___ MATERIAL SHOWN ___

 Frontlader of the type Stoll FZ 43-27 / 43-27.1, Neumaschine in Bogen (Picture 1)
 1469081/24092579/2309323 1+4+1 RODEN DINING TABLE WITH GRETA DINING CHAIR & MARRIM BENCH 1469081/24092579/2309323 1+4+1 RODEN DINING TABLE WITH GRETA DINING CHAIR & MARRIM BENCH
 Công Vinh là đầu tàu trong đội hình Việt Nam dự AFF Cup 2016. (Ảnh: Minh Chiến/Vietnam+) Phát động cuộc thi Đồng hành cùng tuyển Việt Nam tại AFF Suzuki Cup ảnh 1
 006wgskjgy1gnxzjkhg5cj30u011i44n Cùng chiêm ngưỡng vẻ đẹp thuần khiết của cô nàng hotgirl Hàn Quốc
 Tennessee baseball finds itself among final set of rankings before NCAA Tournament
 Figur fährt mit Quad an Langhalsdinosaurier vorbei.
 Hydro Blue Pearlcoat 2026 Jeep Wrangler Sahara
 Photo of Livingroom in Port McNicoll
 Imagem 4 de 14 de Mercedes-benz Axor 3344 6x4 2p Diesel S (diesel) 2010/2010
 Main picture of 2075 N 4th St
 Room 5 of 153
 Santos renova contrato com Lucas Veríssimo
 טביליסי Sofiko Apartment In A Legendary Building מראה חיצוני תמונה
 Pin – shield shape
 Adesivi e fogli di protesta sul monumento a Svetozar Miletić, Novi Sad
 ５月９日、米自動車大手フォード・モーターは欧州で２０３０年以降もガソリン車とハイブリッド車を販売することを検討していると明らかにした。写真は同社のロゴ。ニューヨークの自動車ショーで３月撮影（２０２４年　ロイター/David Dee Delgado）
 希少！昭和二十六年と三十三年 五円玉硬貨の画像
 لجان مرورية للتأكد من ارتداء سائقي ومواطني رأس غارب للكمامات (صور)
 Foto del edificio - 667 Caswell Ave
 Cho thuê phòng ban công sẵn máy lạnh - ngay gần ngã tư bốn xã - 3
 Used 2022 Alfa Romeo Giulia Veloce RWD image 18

___

DIRECTIONS FOR THIS TASK. Your output should be an exact copy of every line from the one containing "Main picture of 2075 N 4th St" through the end of the records.

RESULT FOR THIS TASK.
 Main picture of 2075 N 4th St
 Room 5 of 153
 Santos renova contrato com Lucas Veríssimo
 טביליסי Sofiko Apartment In A Legendary Building מראה חיצוני תמונה
 Pin – shield shape
 Adesivi e fogli di protesta sul monumento a Svetozar Miletić, Novi Sad
 ５月９日、米自動車大手フォード・モーターは欧州で２０３０年以降もガソリン車とハイブリッド車を販売することを検討していると明らかにした。写真は同社のロゴ。ニューヨークの自動車ショーで３月撮影（２０２４年　ロイター/David Dee Delgado）
 希少！昭和二十六年と三十三年 五円玉硬貨の画像
 لجان مرورية للتأكد من ارتداء سائقي ومواطني رأس غارب للكمامات (صور)
 Foto del edificio - 667 Caswell Ave
 Cho thuê phòng ban công sẵn máy lạnh - ngay gần ngã tư bốn xã - 3
 Used 2022 Alfa Romeo Giulia Veloce RWD image 18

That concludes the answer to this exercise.